Ensaios são espaços de desfrute, espaço lúdico, prazeroso; quem faz teatro deve ir aos ensaio para sentir gozos.  Espaço que será partilhado por diretor/equipe/atriz/ator. espaço que invade o mundo interno de todos sem que se tenha consciência plena do que está ocorrendo. Portanto a falta de pudor é condição essencial. Quem tem vergonha ou preconceito deve cair fora desse recinto. Não há necessidade de dizer: “isso é assim”, pois pode não ser. Este espaço é terapêutico, no sentido em que multiplica as possibilidades de vida (drama) de todos,  porque o diretor/equipe não são objeto externo a atriz/ator - o que traria pouco impacto sobre estes -, tampouco são objetos de seu espaço interno - o que seria apenas a experiência com o mesmo. Um olhar em volta do umbigo.

Brincar e criar e atuar e criar a nova realidade, -  mesmo que momentânea realidade que dure hora e meia, - , são, sobretudo, um modo de o diretor/equipe se posicionar diante da atriz/ator, esperando que estes  mesmos possas brincar e criar com e através de seus conteúdos particulares, aprender com estes conteúdos, e, a partir deste conteúdo. Neste caso, não haverá recusa da condição prática humana, do empirismo humano, recusa marcada pelo comportamento defensivo. Diretor/equipe aceitam o conteúdo da atriz/ator, já que  escolheram a estes para o trabalho, aceitam o caos, e esperam, pacientes, o brincar criativo. Não se busca coerência onde não existe coerência, nada se  organiza precipitadamente, nada se organiza do nada. Parte-se de bases ou de proposição de bases.
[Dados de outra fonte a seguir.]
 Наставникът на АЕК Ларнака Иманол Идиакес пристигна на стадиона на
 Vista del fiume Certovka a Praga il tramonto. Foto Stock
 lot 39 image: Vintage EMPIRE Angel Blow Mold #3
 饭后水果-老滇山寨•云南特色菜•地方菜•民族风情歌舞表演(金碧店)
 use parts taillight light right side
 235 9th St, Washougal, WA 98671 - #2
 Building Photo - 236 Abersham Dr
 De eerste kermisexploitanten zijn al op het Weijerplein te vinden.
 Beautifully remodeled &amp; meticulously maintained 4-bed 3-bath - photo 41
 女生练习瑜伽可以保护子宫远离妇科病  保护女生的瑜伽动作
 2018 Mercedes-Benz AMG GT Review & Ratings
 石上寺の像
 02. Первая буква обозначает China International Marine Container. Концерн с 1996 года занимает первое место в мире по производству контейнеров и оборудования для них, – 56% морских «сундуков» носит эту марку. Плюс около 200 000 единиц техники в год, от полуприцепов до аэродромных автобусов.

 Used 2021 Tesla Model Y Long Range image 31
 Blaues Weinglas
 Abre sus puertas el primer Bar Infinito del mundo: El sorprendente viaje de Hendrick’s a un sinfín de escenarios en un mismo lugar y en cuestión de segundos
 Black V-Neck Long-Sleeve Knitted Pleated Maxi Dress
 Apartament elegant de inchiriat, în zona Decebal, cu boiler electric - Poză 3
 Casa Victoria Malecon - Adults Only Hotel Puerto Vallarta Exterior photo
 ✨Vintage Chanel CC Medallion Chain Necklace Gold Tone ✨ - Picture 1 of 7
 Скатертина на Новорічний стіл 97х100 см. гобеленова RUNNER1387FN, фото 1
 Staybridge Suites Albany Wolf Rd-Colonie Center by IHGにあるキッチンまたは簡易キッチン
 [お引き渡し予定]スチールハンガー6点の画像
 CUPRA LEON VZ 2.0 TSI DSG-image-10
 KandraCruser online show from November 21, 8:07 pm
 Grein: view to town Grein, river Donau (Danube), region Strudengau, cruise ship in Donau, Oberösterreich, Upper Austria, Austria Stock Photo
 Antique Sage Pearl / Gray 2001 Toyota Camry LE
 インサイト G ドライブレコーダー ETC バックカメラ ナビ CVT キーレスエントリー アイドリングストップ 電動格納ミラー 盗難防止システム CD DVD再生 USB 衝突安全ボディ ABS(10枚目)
A vivência desprotegida da obra que se quer interpretar ou vivenciar, partindo da obra sem preconceitos ou julgamentos, obra pensada próxima ao brincar, promove o encontro com o  outro e promove o encontro de si mesmo consigo, do ser atriz/ator em verdade, forjando a nova e fluida e momentânea realidade.

Realidade que amanhã será mudada mesmo que a peça seja a mesma.